I am not an economist or a transport planner, but in my opinion, if London is to deal with the transport problems it faces, then in my view, it lies with cheaper and denser public transport and more priority for walking and cycling to help with local and shorter journeys. We also need to get away from giving any oxygen to projects such as the cable car and SkyCycle as they take effort and indeed resources away from what we really should be doing.


  1. Travelling on public transport in London with kids is fun! Trying to work out the best fare isn't…

    One day, all zones Travelcard (no railcard)
    Adult £8.90, Child £3.40
    Total £15.70

    But if you're travelling on trains together regularly it's worth getting a Friends and Family Railcard. The fares then are:
    Adult £5.90, Child £2
    Total £9.90

    Or you can get Oyster cards for children. There are different versions for different ages, but the best bit is that there's a daily cap of £1.50 for younger ones. So for all zones travel you'd pay:
    Adult £8.50, Child £1.50
    Total £11.50

    And you can use the Oyster cards on the cable car and get the same discounted rates.

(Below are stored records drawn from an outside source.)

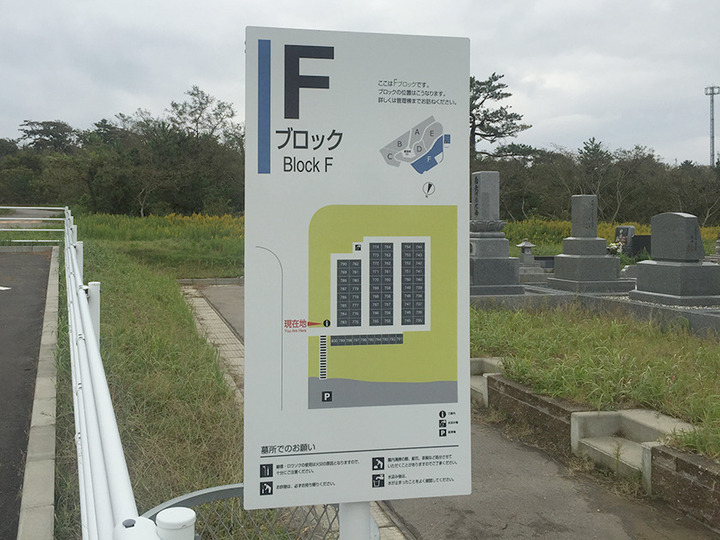 内灘町霊園の墓その他イメージ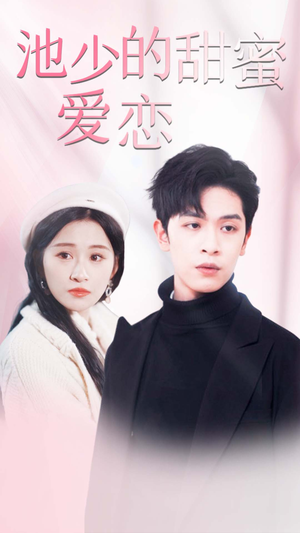闪婚密爱短剧（90集爱情短剧大结局抢先看）
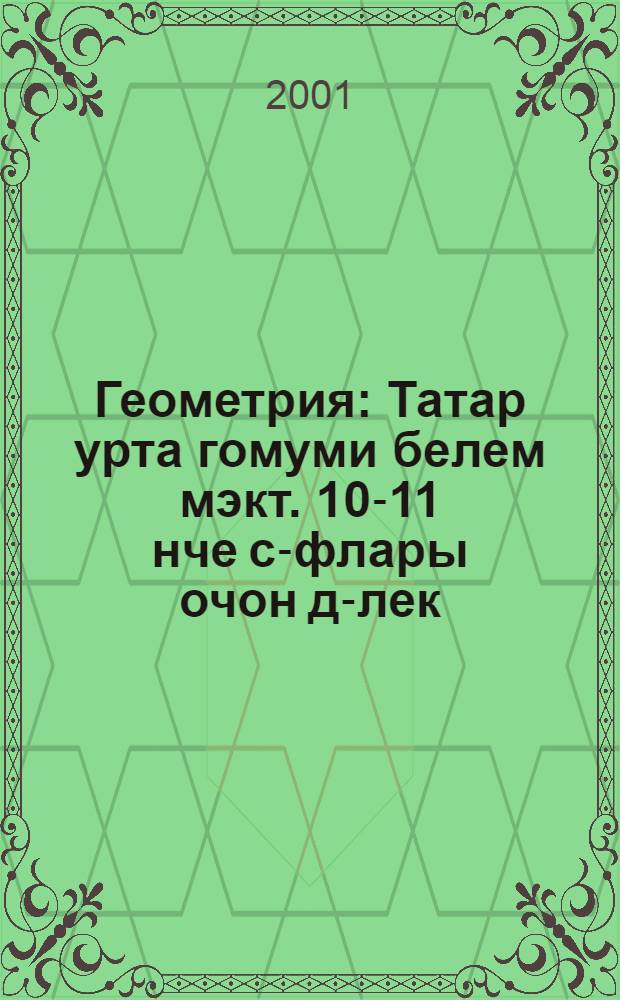 Геометрия : Татар урта гомуми белем мэкт. 10-11 нче с-флары очон д-лек = Геометрия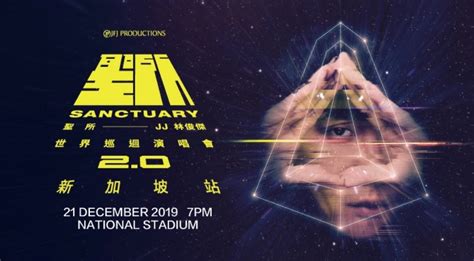 After months of waiting, we finally have the dates for the hit singer's. JJ Lin Concert in Dec 2019 at National Stadium - Yuupz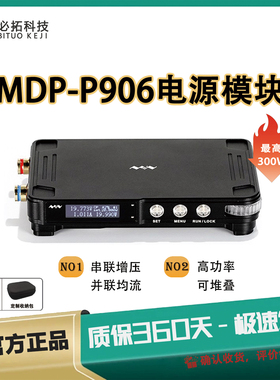 MDP-P906迷你数字直流电源30V10A300W输出低纹波MDP-XP电子套件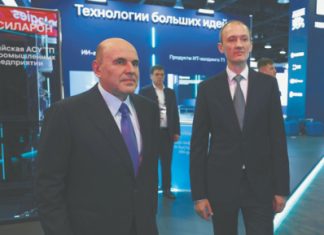 Развитию цифровой экономики помешает общее «охлаждение» в России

  2. Of course the massive issue regarding driving is that so many of the costs are external ones. Even taking VED and paltry charges for on-street parking into account, drivers are nowhere near even realising the extent of the harm and damage they do, let alone having to compensate anyone for it. In fact, such is the sense of entitlement from "road tax" that speed cameras are vociferously opposed, petrol tax increases scrapped again and again, and so on.

    Even this article - - which makes some good points, doesn't consider the indirect harm done by motor transport in that it stops people from choosing healthier more sustainable transport choices; eg the lack of sustainable safety which mean my daughter's friends' parents always drive to school because other modes feel too dangerous.

    1. Interesting - "all you can eat driving".

      Look, I have a car and it is a very useful tool indeed. It sits around most of the time gathering rust, but if I want to take the tribe to see a relative a long way away, it is there. For such journeys it is cheaper and quicker then the train.

      My car is great for picking up stuff for DIY projects, very useful for work to get to some locations and so on. In short convenience.

      But, the flip side is sitting in and causing congestion, pollution, safety, health etc.

      We are addicted to our cars for all sorts of reasons and frankly encouragement hasn't worked and people still seem happy (or resigned) to pay the current costs of motoring - how much a proper cost would look is another point of course.

      I think we need to invest in reworking local streets to prioritise walking and cycling because unless the alternative is there, people feel unsafe and you can never convince people otherwise.

      We have one of the lowest crime rate wards fairly near to where I live, but crime is a high local priority. Same with fear of traffic if you ask me!